I thought on that sentence for hours, repeating it in my head. Am I gay? I would say it over and over, wondering sometimes if I even knew if it meant. Am I gay? constantly questioning myself, wondering if it was true. Am I gay? I'd interview myself constantly. Am I gay? continuously asking. Am I gay? over and over and over, Am I gay?... Am I gay? Am I... gay? I.... I am gay... I am gay.

That was it, that was when I knew. that was when I realized that I was what I was always afraid of being, gay. I remember always hearing jokes about being gay, and about gay people, I remember how gay was an insult, it was pitiful. But now, I am exactly that. pitiful, an insult, a joke. It hurt, more than I could ever imagine. But I had to live with it, I still do, cause that's simply who I am.

I decided to do what any sensible seventh grader would do and put on Instagram that I am indeed gay. Well actually, I posted a blank black picture with the caption "If this picture gets a certain number of likes, i'll post a deep secret of mine". I then, after getting that certain number of likes posted another blank black photo with the caption "I said if my last photo got a certain number of likes, i'd share a deep secret of mine. well, the secret is simply that i'm gay." and that was it, everyone knew. of course I regretted that later in life as i constantly wished I hadn't came out yet, but regardless, it happened anyway.

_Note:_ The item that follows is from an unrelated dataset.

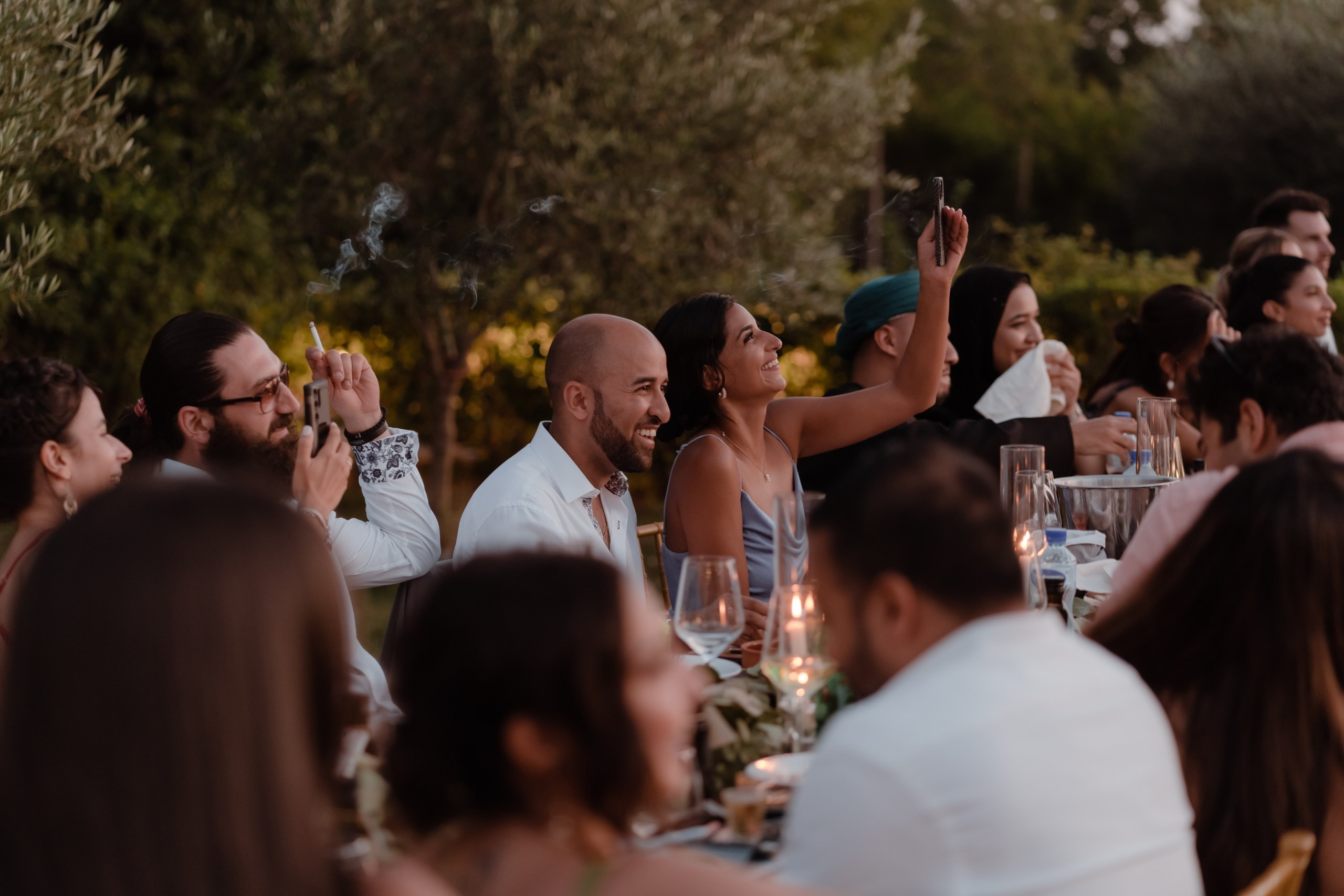 Julie and George. Elopement Wedding Photographer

And now everyone nows except my parents. how, um, complicated... great.

So that was basically what happened on my trip to Colorado. Lovely time, you know? seventh grade? a lot happened, but at the same time it was really quite boring. But anyway, I believe it's time to move along in my story. Next, let's talk about my eighth grade year, or at least part of it. It was a complicated time, eighth grade, and a whole lot happened. Not all of it i'm willing to share in this story, but i am going to say a good bit, starting with my first boyfriend. That's right, you read that correctly, I haven't always been a sad lonely prick, that just started recently. But yes, I did have a boyfriend, for seven months too, but that's all for the next chapter.